The Sun front page 6 June

Image caption

“Baldies are hit hardest by virus,” is the lead story on the Daily Star’s front page. The paper reports that bald men could be at greater risk of dying from Covid-19, following a study that found almost three quarters of men who have been hospitalised do not have hair on their head.

The Sun front page 6 June

Image caption

The Sun leads with an exclusive interview with television presenter Kate Garraway whose husband Derek Draper is critically ill after contracting Covid-19. The paper reports that Ms Garraway was told by doctors to prepare for the “second worst case scenario” of him possibly being in a coma permanently.

The Madeleine McCann investigation makes many of the front pages again.

The Daily Mirror and the Daily Express are among those to print images of a German girl, whose disappearance five years ago has been linked to the same man suspected of involvement in the the British case.

The Sun says police are preparing to “dig up land” around two Portuguese properties where the suspect lived for a while.

The Daily Telegraph says detectives are keen to trace a string of the man’s former girlfriends – including a British woman with whom he is believed to have lived in the Algarve before Madeleine went missing.

Other papers focus on how the government plans to steer the economy through the coronavirus pandemic.

Image caption

A picture of the suspect, Christian B

“Boris Budget to Fire up UK” is the headline on the front of the Daily Mail – which says the PM minister is drawing up what is being called a “Great Recovery Bill” to get the economy moving again.

The paper says the Chancellor – who is already under pressure to lower VAT and stamp duty – is also considering giving employers a National Insurance holiday.

The Mail says a mini-budget has been pencilled in for July – but The Financial Times thinks there is unlikely to be any major announcements until the autumn.

It reports that any financial update during the summer months will “fall far short” of an emergency budget, with details of a big stimulus package of tax cuts and spending not announced until later in the year.

There could be other changes afoot before then though, according to The Times, which says the government is planning to suspend Sunday trading laws for up to 12 months.

Mr Johnson – reportedly supported by the Chancellor – thinks the move could help retailers get back on their feet, amid “mounting concerns” of impending mass unemployment.

The paper says other proposals under consideration could see pubs and cafes given “fast-track approval” to serve food and drink outdoors – while planning laws could be simplified to make it easier for properties to switch between residential and retail use.

Image copyright
Press Associaion

Many of the papers pick up on concerns that infection rates are rising in some parts of England.

The Guardian says a study suggesting the reproduction rate of the virus has risen above one in the north-west of England has put pressure on the government to bring in tougher lockdowns in some areas. 

Elsewhere, millions of people who have taken up a new hobby while in lockdown may experience an unanticipated benefit, according to scientists.

The Daily Mail says rewarding pastimes including baking and gardening have been shown to aid a good night’s sleep.

But be warned.

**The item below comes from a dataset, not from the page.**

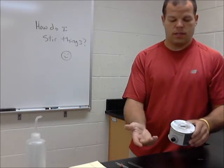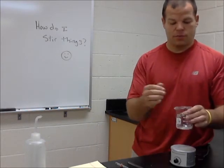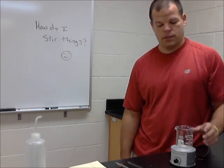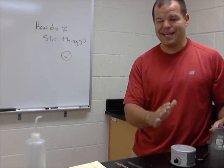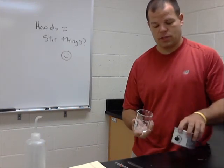This may seem strange, but it's quite cool. Take this magnet, put it into a beaker with some water, and it will stir it. This is referred to as a stir plate. There are also plates that will heat and stir at the same time. This particular one simply stirs.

Becoming obsessed with your chosen leisure activity could have the reverse affect – with the study showing those who allowed their hobby to dominate their life, literally lost sleep as a result.

Many of Saturday’s newspaper front pages have named the suspect in the Madeleine McCann case. Because of German privacy law, and the BBC website being accessible in Germany, the BBC has not included his surname, nor that of the missing five-year-old German girl, Inga.

Sign up for a morning briefing direct to your inbox

  • I MAY DESTROY YOU: The next must-see show in lockdown
  • TRAIN WRIGHT: Mark Wright’s lockdown workout

[ad_2]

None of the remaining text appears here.